What a Journey

  • Published
  • By CMSgt. Jonai E. Jones-Renfroe
  • Superintendent, 127th Sustainment Services Flight
It's been a long journey, but I did not make the journey alone. I received help from others along the way, tools to aid me, guidance to keep me on track and Wingmen to assist in my travels as a Citizen Airman.

As I reflect back on my journey from childhood to the present, I'm reminded of many lessons in discipline from my parents and the military. I see how important learning the principle of discipline was and how it has guided me throughout my 28-year military career.

Growing up, my parents laid the ground work teaching me the importance of obedience, not playing with fire, not touching the stove, or playing with matches because I might burn myself or something else. They taught me the importance of not touching electrical appliances with wet hands, not going around the corner to the other block without asking and the importance of letting them know my whereabouts. They taught me not to talk or get in cars with strangers and to be in the house by the time the street lights came on.
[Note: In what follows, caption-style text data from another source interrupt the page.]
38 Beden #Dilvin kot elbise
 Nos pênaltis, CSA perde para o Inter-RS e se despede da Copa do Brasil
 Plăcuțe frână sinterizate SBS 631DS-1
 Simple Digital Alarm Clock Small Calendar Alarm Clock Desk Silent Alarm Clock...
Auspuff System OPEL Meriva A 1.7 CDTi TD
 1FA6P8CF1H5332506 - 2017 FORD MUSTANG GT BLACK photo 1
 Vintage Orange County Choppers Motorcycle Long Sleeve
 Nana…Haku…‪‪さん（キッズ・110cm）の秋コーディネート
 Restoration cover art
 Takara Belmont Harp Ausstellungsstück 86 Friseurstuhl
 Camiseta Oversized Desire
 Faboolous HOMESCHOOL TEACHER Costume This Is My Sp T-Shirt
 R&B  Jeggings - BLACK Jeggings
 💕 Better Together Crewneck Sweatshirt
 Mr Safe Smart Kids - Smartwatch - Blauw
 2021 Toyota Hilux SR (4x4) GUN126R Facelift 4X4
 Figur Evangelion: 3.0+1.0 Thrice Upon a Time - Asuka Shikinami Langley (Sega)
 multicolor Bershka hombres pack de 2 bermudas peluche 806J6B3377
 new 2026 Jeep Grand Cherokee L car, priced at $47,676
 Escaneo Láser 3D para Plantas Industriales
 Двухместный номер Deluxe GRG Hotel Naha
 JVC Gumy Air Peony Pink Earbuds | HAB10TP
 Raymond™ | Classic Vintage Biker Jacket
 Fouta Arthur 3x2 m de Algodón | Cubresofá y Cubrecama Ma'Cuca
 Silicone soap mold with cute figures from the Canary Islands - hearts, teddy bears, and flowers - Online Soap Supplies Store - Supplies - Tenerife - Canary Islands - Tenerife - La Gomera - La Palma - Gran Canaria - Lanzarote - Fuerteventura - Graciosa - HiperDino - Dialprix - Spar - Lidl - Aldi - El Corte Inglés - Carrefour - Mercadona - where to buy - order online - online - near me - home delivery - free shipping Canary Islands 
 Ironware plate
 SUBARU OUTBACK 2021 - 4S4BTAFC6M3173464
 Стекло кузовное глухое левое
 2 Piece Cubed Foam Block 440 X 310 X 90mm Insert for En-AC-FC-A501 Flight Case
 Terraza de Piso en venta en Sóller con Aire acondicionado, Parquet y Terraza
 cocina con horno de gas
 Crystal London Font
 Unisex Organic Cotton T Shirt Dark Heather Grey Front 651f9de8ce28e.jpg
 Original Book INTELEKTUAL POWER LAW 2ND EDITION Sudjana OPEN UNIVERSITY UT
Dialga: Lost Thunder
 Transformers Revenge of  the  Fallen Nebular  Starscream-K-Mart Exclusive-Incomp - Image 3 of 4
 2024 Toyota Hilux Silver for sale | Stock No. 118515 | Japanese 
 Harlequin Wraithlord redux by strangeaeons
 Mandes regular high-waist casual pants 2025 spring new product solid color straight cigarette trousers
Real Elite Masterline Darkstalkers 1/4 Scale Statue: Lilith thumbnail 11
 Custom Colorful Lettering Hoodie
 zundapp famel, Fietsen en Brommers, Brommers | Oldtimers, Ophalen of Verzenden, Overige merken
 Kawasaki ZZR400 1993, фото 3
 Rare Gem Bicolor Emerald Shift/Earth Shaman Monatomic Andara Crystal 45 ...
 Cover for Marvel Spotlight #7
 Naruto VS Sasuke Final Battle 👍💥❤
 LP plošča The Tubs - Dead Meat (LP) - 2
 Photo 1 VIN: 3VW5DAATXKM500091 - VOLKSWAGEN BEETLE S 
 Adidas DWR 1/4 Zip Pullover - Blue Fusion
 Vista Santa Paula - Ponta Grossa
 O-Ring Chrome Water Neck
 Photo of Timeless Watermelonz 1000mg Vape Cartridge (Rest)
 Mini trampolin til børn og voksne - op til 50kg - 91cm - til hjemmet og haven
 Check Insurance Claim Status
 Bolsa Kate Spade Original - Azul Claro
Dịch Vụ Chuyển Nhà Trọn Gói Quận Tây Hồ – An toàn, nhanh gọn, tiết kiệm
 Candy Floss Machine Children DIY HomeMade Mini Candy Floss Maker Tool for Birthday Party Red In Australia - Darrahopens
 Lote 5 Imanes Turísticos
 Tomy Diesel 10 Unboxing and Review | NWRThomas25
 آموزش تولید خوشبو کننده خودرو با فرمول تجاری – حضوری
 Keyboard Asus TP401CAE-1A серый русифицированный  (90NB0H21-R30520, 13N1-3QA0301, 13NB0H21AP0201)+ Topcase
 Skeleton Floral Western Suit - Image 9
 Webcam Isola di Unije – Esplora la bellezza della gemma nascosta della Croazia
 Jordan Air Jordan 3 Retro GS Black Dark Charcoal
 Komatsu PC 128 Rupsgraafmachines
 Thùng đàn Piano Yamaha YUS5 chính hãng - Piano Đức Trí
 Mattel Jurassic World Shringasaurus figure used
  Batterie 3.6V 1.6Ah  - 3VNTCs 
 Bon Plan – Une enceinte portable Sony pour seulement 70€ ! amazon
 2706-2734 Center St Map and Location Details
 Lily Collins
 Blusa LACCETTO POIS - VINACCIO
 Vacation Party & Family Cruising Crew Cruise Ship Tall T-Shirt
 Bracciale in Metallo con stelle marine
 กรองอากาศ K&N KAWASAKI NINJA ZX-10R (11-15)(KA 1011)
They also taught me to pay attention to my surrounding and for me and my siblings to look out for each other.

As I grew up and matured, I realized that some things hadn't changed. My parents instilled many tools of the trade that I would come to use within my profession. My parents, unbeknown to me, were preparing me for my future in the Air Force and that of an Airman.

Determined to be the best Airman I could, I used the T.O.s supplied to me: As a young Airman, my supervisors informed us to keep up with our correspondence courses; the Wing/CC instructed us to stay inspection ready and not be in a perpetual state of having to get ready for inspections; and the Air Force routinely instructed us to be in a state of 'Readiness' at all times. I'm not sure, but if your parents were anything like mine, they've been preparing us with the tools for this level of discipline and the journey the entire time they were raising us. The tools afforded me and mastered by me not only aided me to excel in the military, but the transferrable tools better prepared me for my civilian employment as well.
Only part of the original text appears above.